Could you return the listing below exactly, with every line intact?

SUPPLIED INFORMATION START

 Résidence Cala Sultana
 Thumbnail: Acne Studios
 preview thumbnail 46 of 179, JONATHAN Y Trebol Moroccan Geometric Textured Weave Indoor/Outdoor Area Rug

SUPPLIED INFORMATION END

[OUTPUT OF THE TASK]:
 Résidence Cala Sultana
 Thumbnail: Acne Studios
 preview thumbnail 46 of 179, JONATHAN Y Trebol Moroccan Geometric Textured Weave Indoor/Outdoor Area Rug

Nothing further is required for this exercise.